The essay is optional. Scores will return to 1,600. And there will be no penalties if you answer something incorrectly. Those are the big takeaways from the SAT changes announced Wednesday.
The College Board said the revisions, the first updates to the college entrance exam since 2005, will take effect in 2016.
Other changes announced: Certain vocabulary words will be dropped in favor of those more commonly used in school and at work, and test-takers will have the option to take the SAT on a computer.
In remarks in Austin, Texas, College Board President David Coleman said the changes to the SAT should make test-takers breathe easier.
"By changing the exam's focus, we change the learning and work the SAT invites. Today, many students who are terrified they will be tested on lots of SAT words have one recourse: flashcards," he said. "Every educator knows flashcards are not the best way to build real-word knowledge, but when the SAT rolls around they become the royal road. Students stop reading and start flipping."
"A longstanding criticism of the SAT is that students from wealthier households do better on the exam because they can afford expensive test preparation classes.
"The College Board seeks to defuse that by saying it will partner with the nonprofit Khan Academy to provide free test preparation materials for the redesigned SAT. It also says every income-eligible student who takes the SAT will receive four fee waivers to apply for college, which continues an effort the College Board has had to assist low-income students."
NPR's Claudio Sanchez discussed the changes to the test on today's All Things Considered.
Until now, students' performance on tests like the SAT have played a big role in which colleges and universities they got into. But as NPR's Eric Westervelt reported last month, a new study raises questions about whether standardized tests are becoming obsolete.

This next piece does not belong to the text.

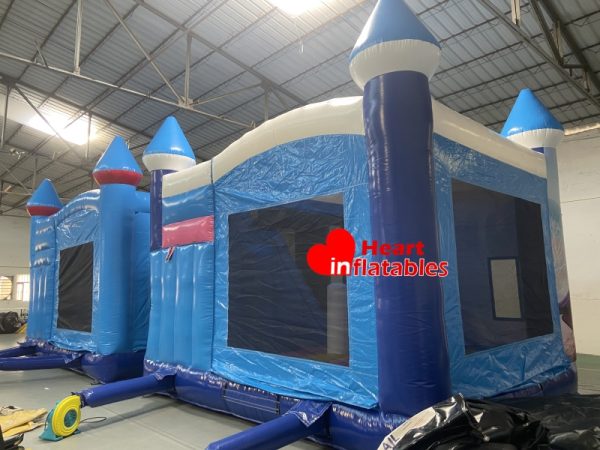 Frozen Bouncy Slide 5m x 5m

That story noted that "some 800 of the roughly 3,000 colleges and universities in America make SAT or ACT submissions optional." And the study cited in Eric's report compared students who took a standardized test and those who didn't. Here's more from the story:
"[The study] found that there was virtually no difference in grades and graduation rates between test 'submitters' and 'nonsubmitters.' Just 0.05 percent of a GPA point separated the students who submitted their scores to admissions offices and those who did not. And college graduation rates for 'nonsubmitters' were just 0.6 percent lower than those students who submitted their test scores."